CFD Analysis of the Unsteady Flow in a Two-Stage Axial Turbine

Abstract

Partial admission, which has the advantage of avoiding large losses while the turbine at low load operations, is widely used in regulating the power of turbomachinery. However, partial admission causes prominent unsteady flow, additional exciting forces and extra losses. Thus, it has great significance to investigate the characteristics of partial admission turbines. In this paper, efficiency and unsteady flow performance of a small two-stage subsonic axial turbine with partial admission are analyzed. Firstly, a 3-D model with four discontinuous equally-distributed nozzle blocks was built, and the computational grid, which only consisted of hexahedral mesh, was generated. Reynolds Averaged Navier-Stokes equations were solved by commercial software ANSYS-CFX and the RNG k-ε turbulence model was adopted. Secondly, to investigate the influence of admission modes, two partial admission modes (A-two diagonal valve opening; B-two adjacent valves opening) were analyzed separately and compared with the full admission situation (Mode C).
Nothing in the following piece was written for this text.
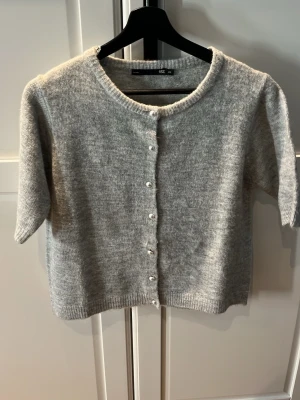 Grå kofta från 157 med pärlknappar - Mysig grå kofta från 157 med rund halsringning och pärlknappar framtill. Koftan har korta ärmar och är stickad i ett mjukt material som passar perfekt till lager-på-lager-stil. Enkel och stilren design som funkar till många outfits.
Finally, the turbine performances in Mode A and B at other speeds (75% and 110% of rated speed) were analyzed and pressure distributions at three different heights (10%, 50% and 90% of the blade height) were investigated in detail. The results indicated that partial admission could cause extra mixture losses and lead to lower efficiency. Among these kinds of modes, full admission (Mode C) performed best in efficiency, and Mode B performed better than Mode A under partial admission conditions. Furthermore, strong non-uniformity was found in circumferential direction and large pressure drop occurred at the gap between two admission blocks due to expansion effects. The computational results also showed that the flow parameter fluctuations attenuated evidently in the downstream stages and the pressure vibration mainly occurred after nozzle stages. Strong vortices and backflow can be noticed at the pressure side of the active nozzle boxes. Additionally, the rotational speed has a great influence on the performance of turbine. Higher rotational speed led to bigger efficiency and smoother pressure distribution. And the alteration trend becomes slow at high speed.